Exercise data:
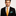 Man wearing a black suit with an orange tie and teal pocket square on a light gray background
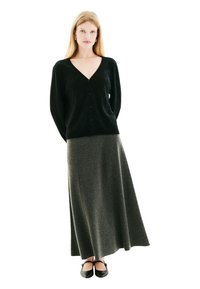 Gilet noir en maille avec un col en V et un motif en diamant, associé à une longue jupe grise en matière douce, agrémenté de ballerines noires.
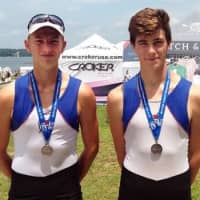 <p>Chris Martensson and Kaare Andersen of Norwalk River Rowing with their silver medals at the Club National Championships.</p>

Work item: Retype precisely, and only, the lines from the one holding "Gilet noir en" through the final line of the data above, with the pictures omitted.

Response to this exercise:
 Gilet noir en maille avec un col en V et un motif en diamant, associé à une longue jupe grise en matière douce, agrémenté de ballerines noires.
 <p>Chris Martensson and Kaare Andersen of Norwalk River Rowing with their silver medals at the Club National Championships.</p>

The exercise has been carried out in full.